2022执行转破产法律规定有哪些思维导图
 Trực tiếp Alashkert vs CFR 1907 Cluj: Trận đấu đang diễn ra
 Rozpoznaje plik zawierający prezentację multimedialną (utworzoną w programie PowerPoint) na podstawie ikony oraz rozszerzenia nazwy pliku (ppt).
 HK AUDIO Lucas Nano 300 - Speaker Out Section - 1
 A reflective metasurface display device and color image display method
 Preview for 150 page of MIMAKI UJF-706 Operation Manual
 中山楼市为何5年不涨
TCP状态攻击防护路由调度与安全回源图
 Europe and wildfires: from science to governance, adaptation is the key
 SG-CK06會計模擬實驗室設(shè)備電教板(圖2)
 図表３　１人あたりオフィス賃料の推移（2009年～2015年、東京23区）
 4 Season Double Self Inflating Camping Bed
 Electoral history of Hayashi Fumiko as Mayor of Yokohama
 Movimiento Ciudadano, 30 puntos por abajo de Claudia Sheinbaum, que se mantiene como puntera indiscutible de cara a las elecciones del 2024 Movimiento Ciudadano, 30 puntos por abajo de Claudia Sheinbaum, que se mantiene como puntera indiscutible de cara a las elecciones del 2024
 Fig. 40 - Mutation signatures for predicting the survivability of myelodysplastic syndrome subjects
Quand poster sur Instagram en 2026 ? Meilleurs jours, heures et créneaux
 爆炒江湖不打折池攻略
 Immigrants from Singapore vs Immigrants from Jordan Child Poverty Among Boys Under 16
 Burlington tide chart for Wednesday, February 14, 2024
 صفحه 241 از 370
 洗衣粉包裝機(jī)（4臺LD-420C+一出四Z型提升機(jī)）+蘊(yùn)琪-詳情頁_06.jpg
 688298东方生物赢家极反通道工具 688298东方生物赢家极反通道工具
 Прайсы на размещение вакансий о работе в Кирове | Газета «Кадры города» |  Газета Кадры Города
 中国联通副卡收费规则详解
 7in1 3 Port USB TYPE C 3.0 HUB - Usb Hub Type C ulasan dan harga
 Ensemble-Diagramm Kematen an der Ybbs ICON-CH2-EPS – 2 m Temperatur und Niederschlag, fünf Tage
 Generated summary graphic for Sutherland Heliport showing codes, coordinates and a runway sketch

++++

Search the records for the word "from", then list every line that has it.

EXERCISE SOLUTION:
 Europe and wildfires: from science to governance, adaptation is the key
 Immigrants from Singapore vs Immigrants from Jordan Child Poverty Among Boys Under 16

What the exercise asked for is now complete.